My “sustainable” question arose yesterday when I saw the winner of the Australian Housing Industry Association was praised for having a 10,000-litre (2200-gallon) rainwater tank. In Melbourne, as here, that would be enough to water the garden and, for the family of 4 the house was designed for, would leave them without water through summer & probably autumn.
As in the Rodney district of Auckland, that standard family would have to rely on visits from the water tanker unless they applied the rule of thumb my old neighbour gave me years ago: “Turn the tap off before you turn it on.”
A tank about double that of the award winner would provide a sustainable supply, if used discreetly.
The Australian association presented its GreenSmart home of the year award & sustainable home award to Victorian building company Beaumont Concepts for a home it says has no electricity costs for a family of 4.
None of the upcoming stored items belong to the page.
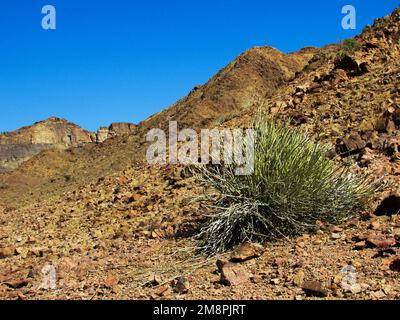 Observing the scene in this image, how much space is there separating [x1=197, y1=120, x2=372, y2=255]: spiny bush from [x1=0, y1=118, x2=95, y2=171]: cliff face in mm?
37680

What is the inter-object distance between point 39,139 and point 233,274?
42399 mm

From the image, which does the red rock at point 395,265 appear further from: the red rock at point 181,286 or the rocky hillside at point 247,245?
the red rock at point 181,286

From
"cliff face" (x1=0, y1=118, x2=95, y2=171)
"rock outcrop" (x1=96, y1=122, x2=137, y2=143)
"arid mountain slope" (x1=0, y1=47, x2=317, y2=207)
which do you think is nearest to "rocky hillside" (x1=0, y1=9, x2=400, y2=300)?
"arid mountain slope" (x1=0, y1=47, x2=317, y2=207)

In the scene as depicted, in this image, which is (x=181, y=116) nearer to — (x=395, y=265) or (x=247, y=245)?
(x=247, y=245)

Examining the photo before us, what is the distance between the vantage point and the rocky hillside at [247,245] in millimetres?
4504

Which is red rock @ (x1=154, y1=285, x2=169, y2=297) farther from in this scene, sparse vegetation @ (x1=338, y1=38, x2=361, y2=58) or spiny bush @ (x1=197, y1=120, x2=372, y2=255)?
sparse vegetation @ (x1=338, y1=38, x2=361, y2=58)

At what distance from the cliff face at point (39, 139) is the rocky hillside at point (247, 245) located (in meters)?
31.0

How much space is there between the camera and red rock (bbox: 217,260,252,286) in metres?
4.53

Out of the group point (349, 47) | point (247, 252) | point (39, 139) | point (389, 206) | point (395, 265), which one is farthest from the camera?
point (39, 139)

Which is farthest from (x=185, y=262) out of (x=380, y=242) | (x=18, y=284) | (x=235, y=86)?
(x=235, y=86)

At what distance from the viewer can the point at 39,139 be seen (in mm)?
44719

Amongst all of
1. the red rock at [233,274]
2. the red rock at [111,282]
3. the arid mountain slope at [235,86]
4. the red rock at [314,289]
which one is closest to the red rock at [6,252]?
the red rock at [111,282] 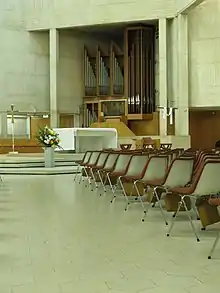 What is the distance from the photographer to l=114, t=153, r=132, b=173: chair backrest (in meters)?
7.85

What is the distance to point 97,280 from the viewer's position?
3357 millimetres

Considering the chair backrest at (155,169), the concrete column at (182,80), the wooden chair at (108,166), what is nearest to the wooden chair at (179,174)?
the chair backrest at (155,169)

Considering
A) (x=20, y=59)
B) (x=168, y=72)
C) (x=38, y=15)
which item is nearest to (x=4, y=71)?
(x=20, y=59)

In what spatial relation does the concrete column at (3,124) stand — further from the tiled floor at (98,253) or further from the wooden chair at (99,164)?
the tiled floor at (98,253)

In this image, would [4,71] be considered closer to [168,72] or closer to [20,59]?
[20,59]

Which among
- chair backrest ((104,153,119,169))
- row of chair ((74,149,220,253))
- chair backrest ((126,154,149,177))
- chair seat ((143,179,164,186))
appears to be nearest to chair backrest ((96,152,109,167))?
row of chair ((74,149,220,253))

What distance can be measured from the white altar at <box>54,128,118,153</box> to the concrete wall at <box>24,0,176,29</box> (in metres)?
6.40

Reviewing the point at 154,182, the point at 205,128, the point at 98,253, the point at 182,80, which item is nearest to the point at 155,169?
the point at 154,182

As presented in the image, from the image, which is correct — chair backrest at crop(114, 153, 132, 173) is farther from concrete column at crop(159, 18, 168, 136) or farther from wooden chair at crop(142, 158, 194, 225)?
concrete column at crop(159, 18, 168, 136)

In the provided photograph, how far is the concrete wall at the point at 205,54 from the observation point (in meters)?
20.5

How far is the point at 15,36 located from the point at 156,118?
6824 mm

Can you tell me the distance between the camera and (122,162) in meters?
7.92

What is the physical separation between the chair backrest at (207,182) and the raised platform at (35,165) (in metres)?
9.31

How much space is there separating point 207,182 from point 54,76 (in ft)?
58.4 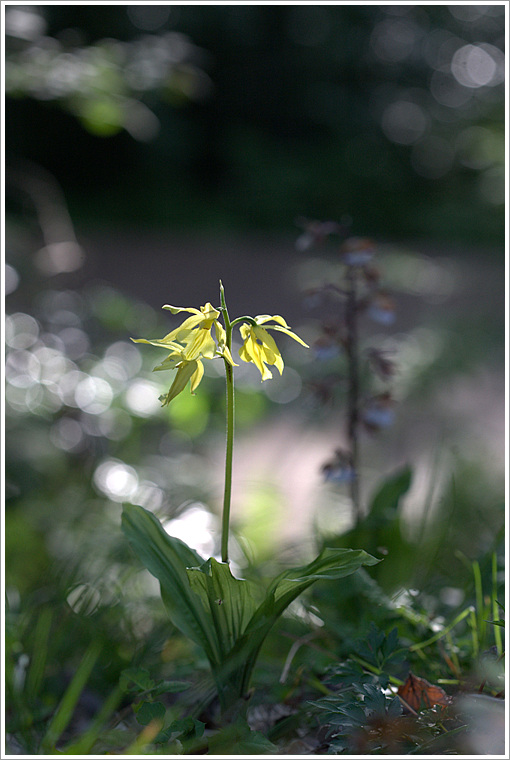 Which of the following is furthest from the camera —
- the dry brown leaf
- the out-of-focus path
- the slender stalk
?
the out-of-focus path

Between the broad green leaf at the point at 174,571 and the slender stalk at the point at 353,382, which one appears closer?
the broad green leaf at the point at 174,571

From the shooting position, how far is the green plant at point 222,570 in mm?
615

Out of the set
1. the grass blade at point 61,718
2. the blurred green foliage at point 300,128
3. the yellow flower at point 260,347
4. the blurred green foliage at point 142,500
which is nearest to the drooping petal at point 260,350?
the yellow flower at point 260,347

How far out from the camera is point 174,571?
2.38 feet

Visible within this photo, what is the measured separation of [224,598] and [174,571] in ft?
0.25

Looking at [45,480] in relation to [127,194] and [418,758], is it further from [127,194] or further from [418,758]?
[127,194]

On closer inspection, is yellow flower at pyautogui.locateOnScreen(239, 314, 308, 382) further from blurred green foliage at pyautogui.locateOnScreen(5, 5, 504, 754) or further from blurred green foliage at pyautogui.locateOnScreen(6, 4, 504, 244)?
blurred green foliage at pyautogui.locateOnScreen(6, 4, 504, 244)

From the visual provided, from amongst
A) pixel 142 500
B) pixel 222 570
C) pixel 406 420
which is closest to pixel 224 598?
pixel 222 570

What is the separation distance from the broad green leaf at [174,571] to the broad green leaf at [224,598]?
1 cm

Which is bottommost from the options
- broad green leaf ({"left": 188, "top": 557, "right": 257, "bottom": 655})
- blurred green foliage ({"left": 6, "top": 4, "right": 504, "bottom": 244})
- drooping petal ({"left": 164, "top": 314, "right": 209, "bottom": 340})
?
broad green leaf ({"left": 188, "top": 557, "right": 257, "bottom": 655})

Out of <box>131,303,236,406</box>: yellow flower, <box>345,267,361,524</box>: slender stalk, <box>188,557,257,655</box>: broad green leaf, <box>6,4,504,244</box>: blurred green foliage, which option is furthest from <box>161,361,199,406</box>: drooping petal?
<box>6,4,504,244</box>: blurred green foliage

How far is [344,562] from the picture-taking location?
651mm

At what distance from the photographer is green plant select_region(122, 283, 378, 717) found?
2.02 ft

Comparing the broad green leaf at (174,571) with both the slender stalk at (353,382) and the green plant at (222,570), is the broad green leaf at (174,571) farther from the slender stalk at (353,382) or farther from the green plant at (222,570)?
the slender stalk at (353,382) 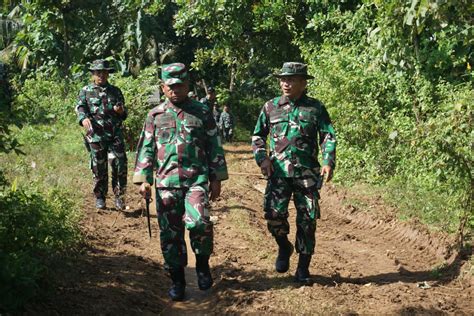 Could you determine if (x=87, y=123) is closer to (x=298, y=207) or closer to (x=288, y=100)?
(x=288, y=100)

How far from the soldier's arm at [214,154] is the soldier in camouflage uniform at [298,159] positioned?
1.43 ft

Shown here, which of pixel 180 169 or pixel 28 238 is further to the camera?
pixel 180 169

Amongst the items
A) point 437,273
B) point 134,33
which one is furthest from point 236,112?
point 437,273

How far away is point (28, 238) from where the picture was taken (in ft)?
16.5

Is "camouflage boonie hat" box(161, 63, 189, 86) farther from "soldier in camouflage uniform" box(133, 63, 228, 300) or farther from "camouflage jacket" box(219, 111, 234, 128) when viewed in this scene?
"camouflage jacket" box(219, 111, 234, 128)

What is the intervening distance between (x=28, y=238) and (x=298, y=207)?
2439 mm

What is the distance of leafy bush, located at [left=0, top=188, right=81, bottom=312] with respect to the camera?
4.08 metres

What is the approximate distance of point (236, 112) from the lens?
26.7 metres

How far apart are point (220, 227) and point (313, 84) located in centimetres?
721

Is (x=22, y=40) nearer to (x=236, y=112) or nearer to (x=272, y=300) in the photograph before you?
(x=236, y=112)

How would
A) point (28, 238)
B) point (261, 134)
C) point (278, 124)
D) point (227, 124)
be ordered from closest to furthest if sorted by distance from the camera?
point (28, 238), point (278, 124), point (261, 134), point (227, 124)

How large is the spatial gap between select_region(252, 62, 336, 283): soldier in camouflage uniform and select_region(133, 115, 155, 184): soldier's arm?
3.35ft

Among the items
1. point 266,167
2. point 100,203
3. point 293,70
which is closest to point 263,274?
point 266,167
It’s “net energy positive; made possible by a 6kW solar PV system & battery energy storage. A 10,000-litre rainwater tank, low-VOC paints & locally sourced materials round out the sustainable features of this stylish build”.
The association said the judges were impressed by the eco-friendly design & finishes: “The home integrates sustainable design & recycled materials with a close-to-zero energy efficiency result.”
It may perform well on other sustainability measures, but on water supply it’s a fail.
Attribution: Association release.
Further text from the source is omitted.